No pictures, please. Copy exactly the lines from the one with "Hydrogen Peroxide Sterilizer" through the final line below.

## Information shown
^^^^^^^^
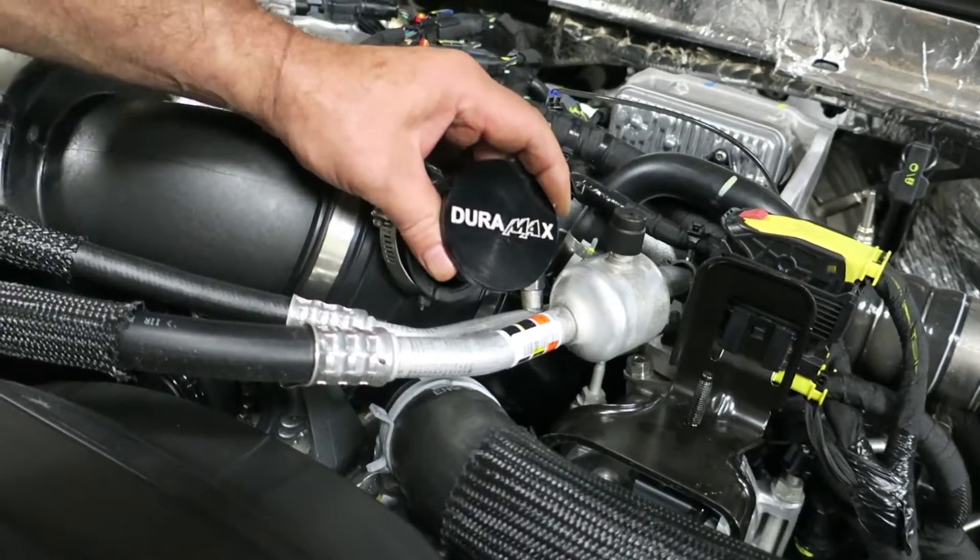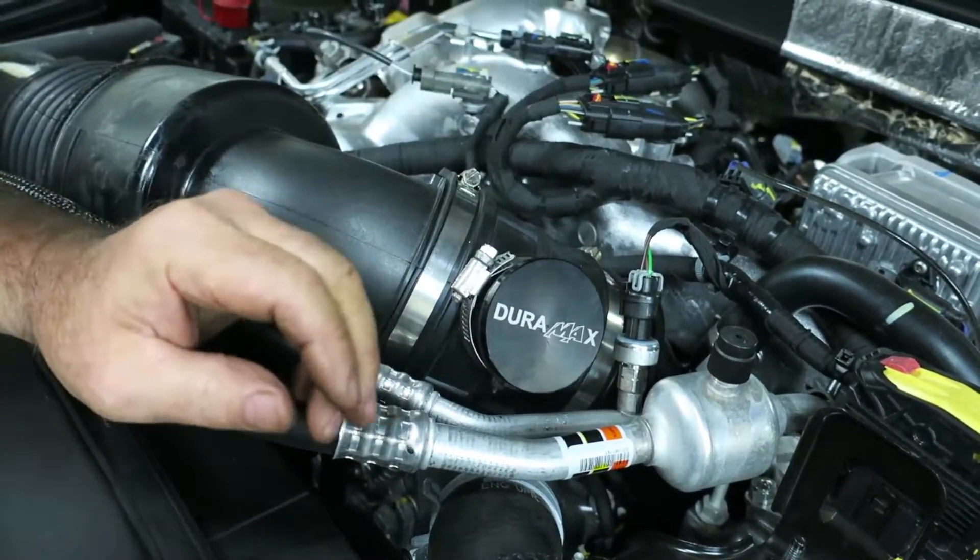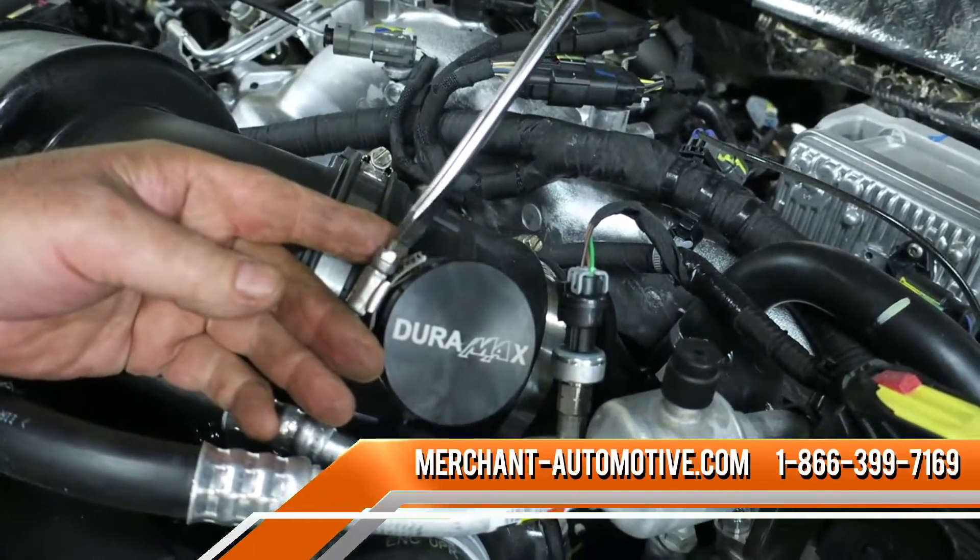Press the plug into the resonator port on the air intake tube. A spray silicone lubricant may be used to aid in installation. Tighten the hose clamp with your flathead screwdriver to wrap things up.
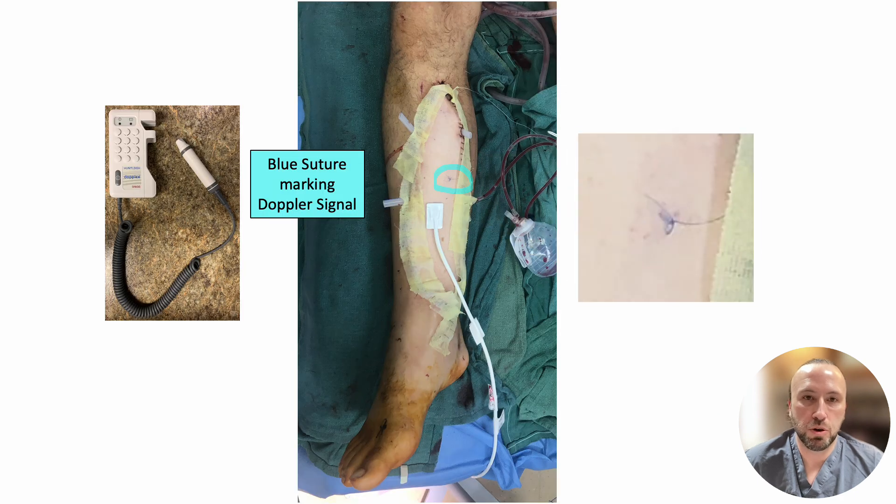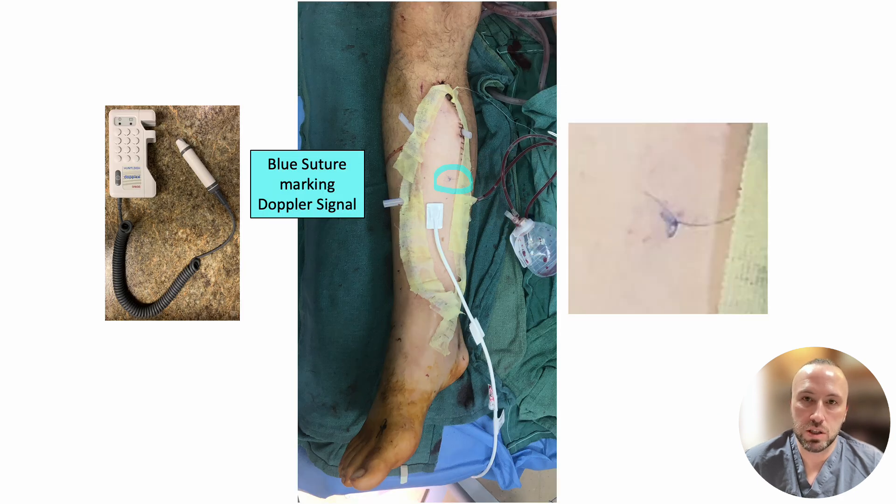The location of this perforator where the best Doppler signal or pulse can be found is marked during surgery with a blue suture so it can easily be located for monitoring after surgery. This blue suture marks the area where you should use the handheld acoustic Doppler to perform your Doppler checks.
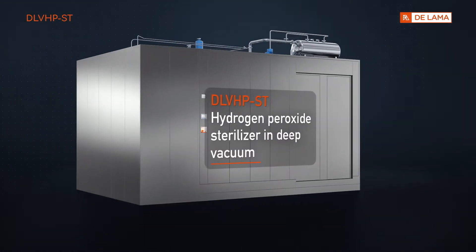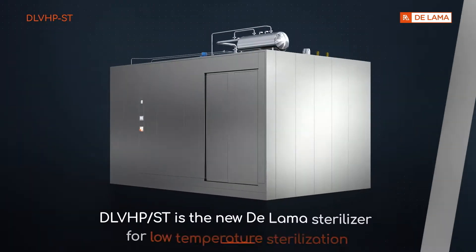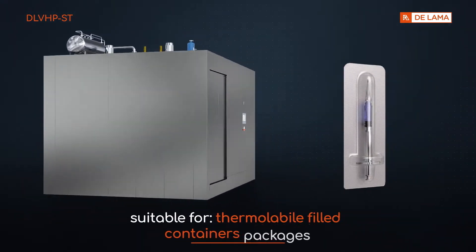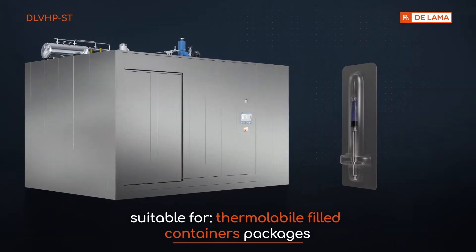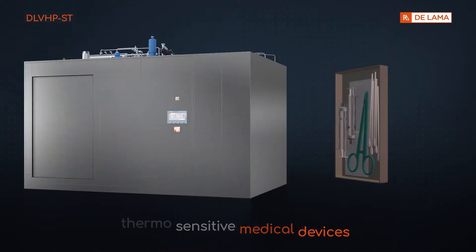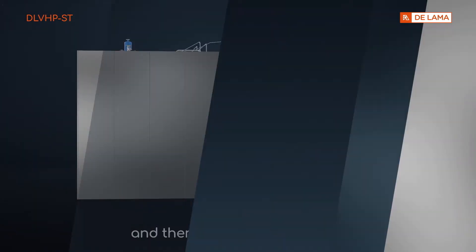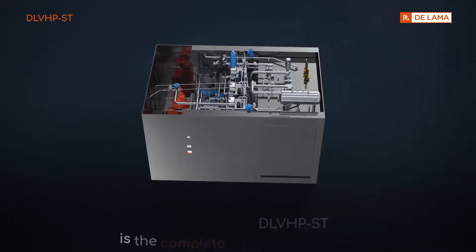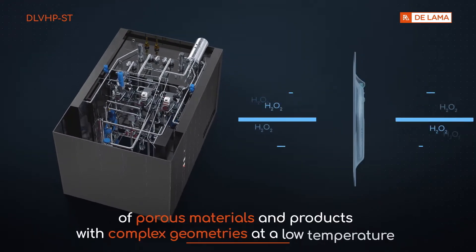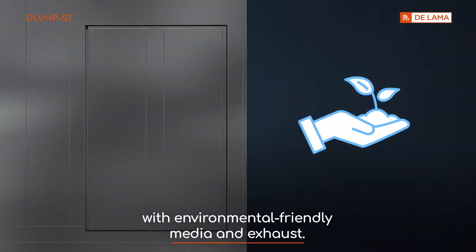Hydrogen Peroxide Sterilizer in Deep Vacuum. DLV-HP-ST is the new DALAMA sterilizer for low-temperature sterilization, suitable for thermolabile filled container packages, thermosensitive medical devices, and thermosensitive implants. The revolutionary concept introduced with DLV-HP-ST is the complete sterilization of porous materials and products with complex geometries at a low temperature, with environmentally friendly media and exhaust.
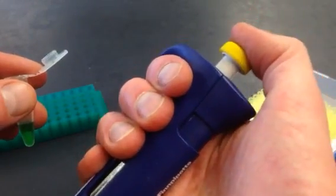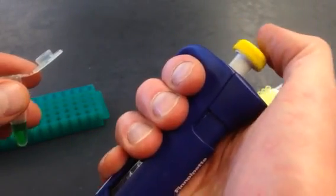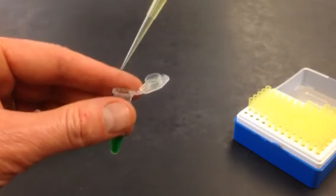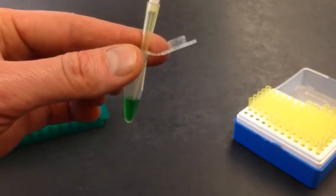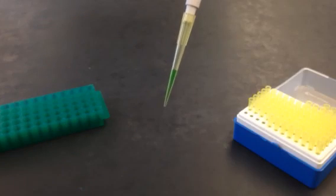To measure accurately, you're always going to push down to that first stopping point and then let it up. So I'm going to push down gently, put the tip in where I can see it, draw that up, and now I have my 40 microliters in there.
^^^^^^^^
## Reply to the task
Hydrogen Peroxide Sterilizer in Deep Vacuum. DLV-HP-ST is the new DALAMA sterilizer for low-temperature sterilization, suitable for thermolabile filled container packages, thermosensitive medical devices, and thermosensitive implants. The revolutionary concept introduced with DLV-HP-ST is the complete sterilization of porous materials and products with complex geometries at a low temperature, with environmentally friendly media and exhaust.
To measure accurately, you're always going to push down to that first stopping point and then let it up. So I'm going to push down gently, put the tip in where I can see it, draw that up, and now I have my 40 microliters in there.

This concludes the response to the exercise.